Für René Adler bedeutet der Schritt mit 32 Jahren sicherlich noch einmal einen Neuanfang, er entkommt den teilweise sehr chaotischen Zuständen bei den Hanseaten und kann sich in Ruhe auf sein Karriereende vorbereiten. Er geht jedoch im Guten, wie er auch gegenüber seinen Fans auf Facebook betont: „Mir ist klar, dass diese Art der Entscheidung im Fußballgeschäft unüblich ist, aber mir waren in meiner ganzen Karriere Rückgrat und Selbstbestimmung immer sehr wichtig! Ich gehe nicht im Groll, aber mit viel Wehmut – besonders nach diesem mal wieder emotionalen Saisonfinale! Hamburg ist meine Heimat geworden und wird es auch nach meiner sportlichen Karriere sein. Ich hoffe, dass ihr mich auch auf meinem weiteren Weg unterstützt, denn für euren René ist es jetzt Zeit, ein neues Kapitel zu beginnen, das spüre ich. Dies ist kein Abschied, es ist ein “Auf Wiedersehen!”“

Das Torwartproblem in der Bundesliga

Schröder wollte den Deal mit Adler so schnell wie möglich über die Bühne bringen, weil, wie er selbst sagt, „der Torwartmarkt schwierig geworden ist.“ Es sei zwar so, dass es in Deutschland nicht an sehr gut ausgebildeten Schlussmännern hapert, „aber die guten kosten auch richtig Geld.“ So will der finnische Nationaltorwart Lukas Hradecky für eine Vertragsverlängerung bei Eintracht Frankfurt künftig vier Millionen Euro pro Jahr kassieren und sich sogar jeden einzelnen gehaltenen Elfmeter versilbern lassen.

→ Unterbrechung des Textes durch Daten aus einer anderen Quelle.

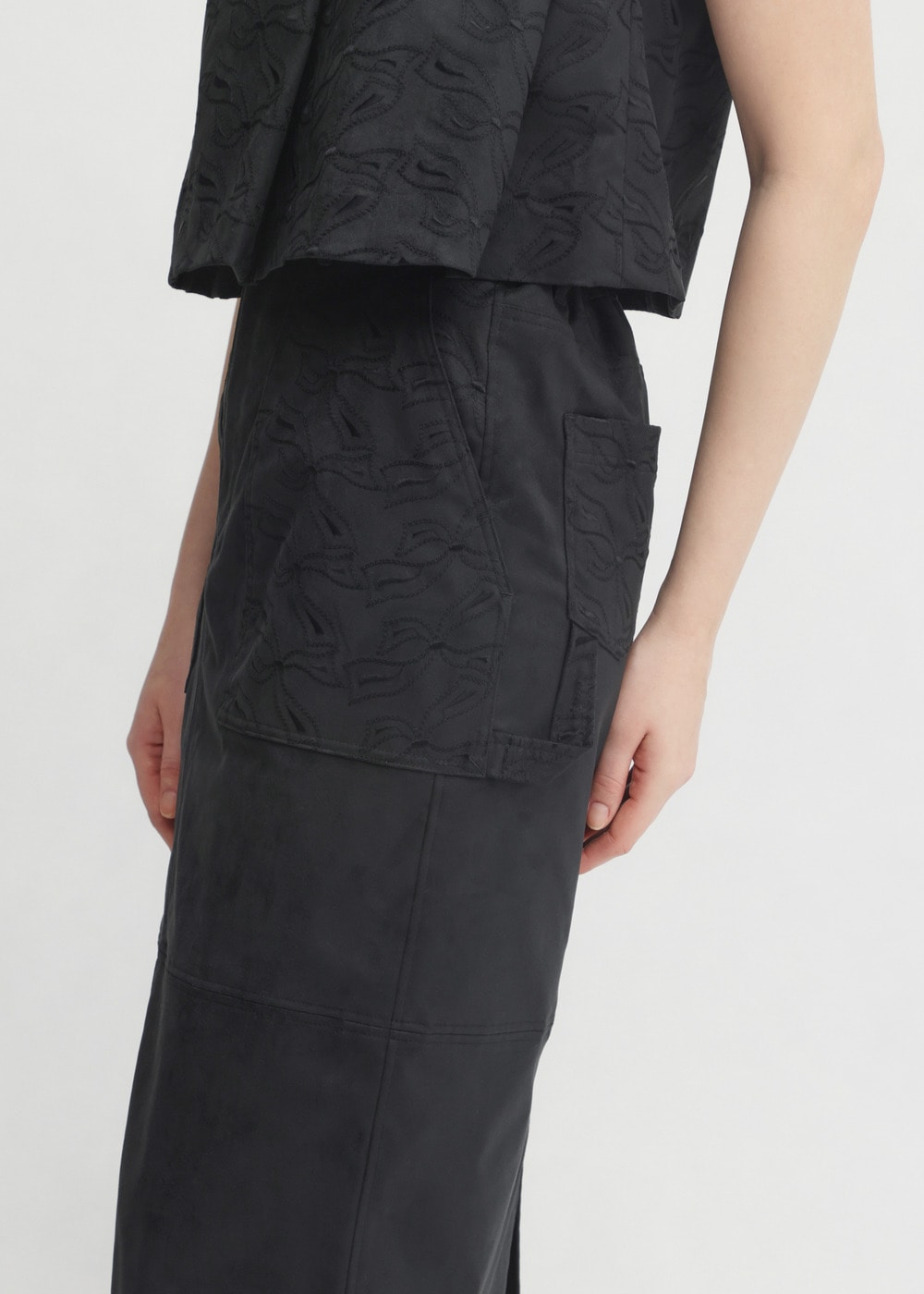 Suede embroidery skirt 詳細画像 BLACK 5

Bayer Leverkusen will für Bernd Leno mindestens 20 Millionen Euro haben, obwohl dieser bei seinen Auftritten beim Confed Cup nicht sonderlich überzeugen konnte. Julian Pollersbeck, der von Kaiserslautern zum HSV wechselt, wird den Hanseaten 3,5 Millionen plus Zuschläge kosten, die Entschädigung für Yvonne Mvogo, der zu RB Leipzig wechselte, beträgt angeblich fünf Millionen Euro. Auch Aufsteiger Hannover 96 wird in der kommenden Saison einen neuen Torwart präsentieren: Markus Esser vom Absteiger Darmstadt 98. Und der VfB Stuttgart wird mit dem Dänen Frederik Rönnow von Bröndby in Verbindung gebracht, jener Keeper, der beim Testspiel gegen Deutschland so tolle Paraden gezeigt hat. Wir können davon ausgehen, dass jeder dritte Bundesligaverein mit einem neuen Torwart in die Saison starten wird.

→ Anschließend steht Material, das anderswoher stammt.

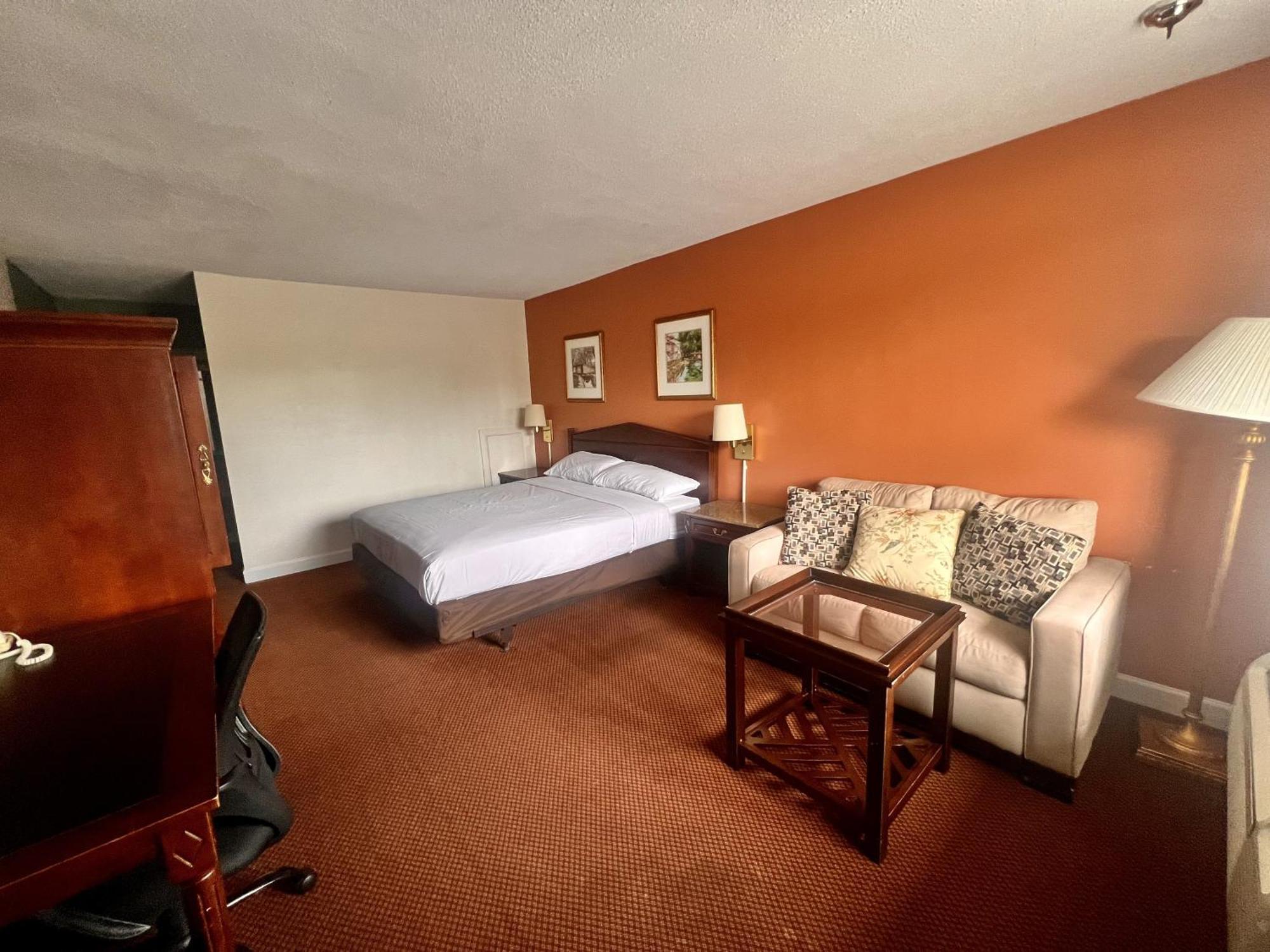 6 Culpeper, Va 2* Culpeper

Dem Hamburger SV laufen die Spieler weg

Der Hamburger SV hat noch immer keine Neuzugänge präsentieren können – stattdessen sind immer mehr Spieler inzwischen bestätigt, die dem Verein, der in der vergangenen Saison mal wieder nur knapp dem Abstieg entkommen ist, den Rücken kehren werden. Hier eine Übersicht über die bestätigten Abgänge:

  • Ashton Götz
  • Matthias Ostrzolek: Zu Hannover 96
  • René Adler: Zum 1. FSV Mainz 05
  • Johan Djourou
  • Kyriakos Papadopoulos: Zurück zu Bayer 04 Leverkusen

Allerdings steht wohl fest, dass „Papa“ für eine Ablösesumme von 6 Millionen Euro fest zum Hamburger SV wechseln wird. Derzeit sind auch noch weitere Spieler im Gespräch, doch ob Keeper Julian Pollersbeck kommt, ist nicht bestätigt. Und auch der Wechsel von Mittelstürmer André Hahn wird immer unwahrscheinlicher.